Wednesday 16 April 2014

The Last Ditch Effort, Pt. 2

To my great dismay, I'm finding myself riddled with more roadblocks to a successful build and benchmark on the aarch64 port of Gnash as the semester comes to a close:

Word has reached me from the community regarding some of the inline assembly in "jemalloc.c". Apparently, as I've been researching, they integrated an updated version of the memory allocation algorithm into Gnash that already includes aarch64 implementation logic. Their github repository can be found and cloned using this link. The "pause" instructions for the cpu_spinwait loop logic blocks remain the same, but were moved to the configure.ac file, while a new memory allocation value for aarch64 was added as a pre-processor directive block in "jemalloc_internal.h.in" located in the include/jemalloc/internal directory:

# ifdef __aarch64__
#   define LG_QUANTUM       4
# endif

From reading the API's documentation, it simply serves to appropriately declare the minimum or ideally efficient amount of bytes for memory allocation use cases and is utilized in conjunction with other tools such as Valgrind for memory leak detection, memory allocation debugging, and profiling. The aforementioned block of code is one of many for various architectures. Below is a quoted paragraph from the implementation notes of the API that seem most relevant to the logic behind this code block:

"Traditionally, allocators have used sbrk(2) to obtain memory, which is suboptimal for several reasons, including race conditions, increased fragmentation, and artificial limitations on maximum usable memory. If --enable-dss is specified during configuration, this allocator uses both mmap(2)and sbrk(2), in that order of preference; otherwise only mmap(2) is used.
This allocator uses multiple arenas in order to reduce lock contention for threaded programs on multi-processor systems. This works well with regard to threading scalability, but incurs some costs. There is a small fixed per-arena overhead, and additionally, arenas manage memory completely independently of each other, which means a small fixed increase in overall memory fragmentation.

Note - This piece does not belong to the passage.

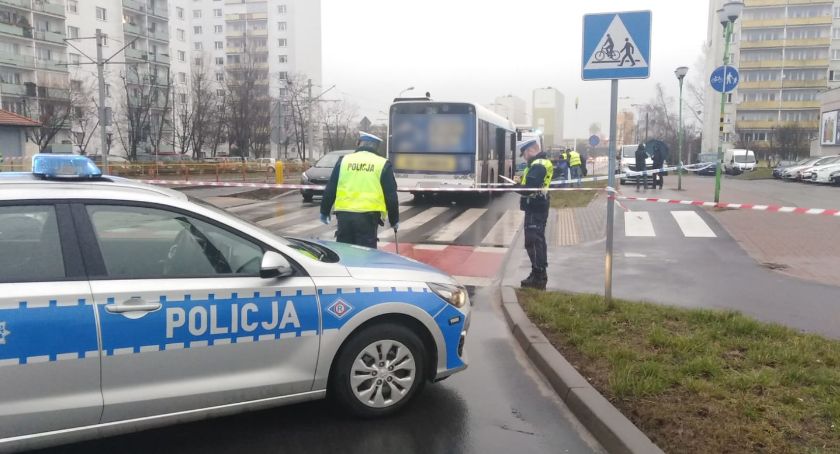 Śmiertelny wypadek w Toruniu. Autobus MZK potrącił 60-letnią kobietę [FOTO]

These overheads are not generally an issue, given the number of arenas normally used. Note that using substantially more arenas than the default is not likely to improve performance, mainly due to reduced cache performance. However, it may make sense to reduce the number of arenas if an application does not make much use of the allocation functions.
In addition to multiple arenas, unless --disable-tcache is specified during configuration, this allocator supports thread-specific caching for small and large objects, in order to make it possible to completely avoid synchronization for most allocation requests. Such caching allows very fast allocation in the common case, but it increases memory usage and fragmentation, since a bounded number of objects can remain allocated in each thread cache.
Memory is conceptually broken into equal-sized chunks, where the chunk size is a power of two that is greater than the page size. Chunks are always aligned to multiples of the chunk size. This alignment makes it possible to find metadata for user objects very quickly.
User objects are broken into three categories according to size: small, large, and huge. Small objects are smaller than one page. Large objects are smaller than the chunk size. Huge objects are a multiple of the chunk size. Small and large objects are managed by arenas; huge objects are managed separately in a single data structure that is shared by all threads. Huge objects are used by applications infrequently enough that this single data structure is not a scalability issue.
Each chunk that is managed by an arena tracks its contents as runs of contiguous pages (unused, backing a set of small objects, or backing one large object). The combination of chunk alignment and chunk page maps makes it possible to determine all metadata regarding small and large allocations in constant time.
Small objects are managed in groups by page runs. Each run maintains a frontier and free list to track which regions are in use. Allocation requests that are no more than half the quantum (8 or 16, depending on architecture) are rounded up to the nearest power of two that is at least sizeof(double). All other small object size classes are multiples of the quantum, spaced such that internal fragmentation is limited to approximately 25% for all but the smallest size classes. Allocation requests that are larger than the maximum small size class, but small enough to fit in an arena-managed chunk (see the"opt.lg_chunkoption), are rounded up to the nearest run size. Allocation requests that are too large to fit in an arena-managed chunk are rounded up to the nearest multiple of the chunk size.
Allocations are packed tightly together, which can be an issue for multi-threaded applications. If you need to assure that allocations do not suffer from cacheline sharing, round your allocation requests up to the nearest multiple of the cacheline size, or specify cacheline alignment when allocating.
Assuming 4 MiB chunks, 4 KiB pages, and a 16-byte quantum on a 64-bit system, the size classes in each category are as shown in Table 1."

Table 1. Size classes
CategorySpacingSize
Smalllg[8]
16[16, 32, 48, ..., 128]
32[160, 192, 224, 256]
64[320, 384, 448, 512]
128[640, 768, 896, 1024]
256[1280, 1536, 1792, 2048]
512[2560, 3072, 3584]
Large4 KiB[4 KiB, 8 KiB, 12 KiB, ..., 4072 KiB]
Huge4 MiB[4 MiB, 8 MiB, 12 MiB, ...]

========================================================================

I have yet to hear from the community in relation to my further inquiry about the minimalist gnu for windows asm block in "utility.h" and whether or not there is a way or a necessity to port this operation into aarch64. The code block can be seen below:

#ifndef __MINGW32__
#undef assert
#define assert(x)           if (!x)) { __asm { int 3 } }
#endif

From my own research, there is a way to build MingW on cross-platforms for whatever required processor, via these how-to instructions that effectively tell you to download the required libraries and change the specific target variables to your particular processor/architecture. Either way, the arm instruction equivalent that I would have tested would have been a "BRK 0" instruction replacing the "INT 3" Intel x64 call for a debugging breakpoint, as mentioned in my earlier march summary recap post. Unfortunately, I cannot test any of this proposed logic due to the dependency issues in the build, discussed below.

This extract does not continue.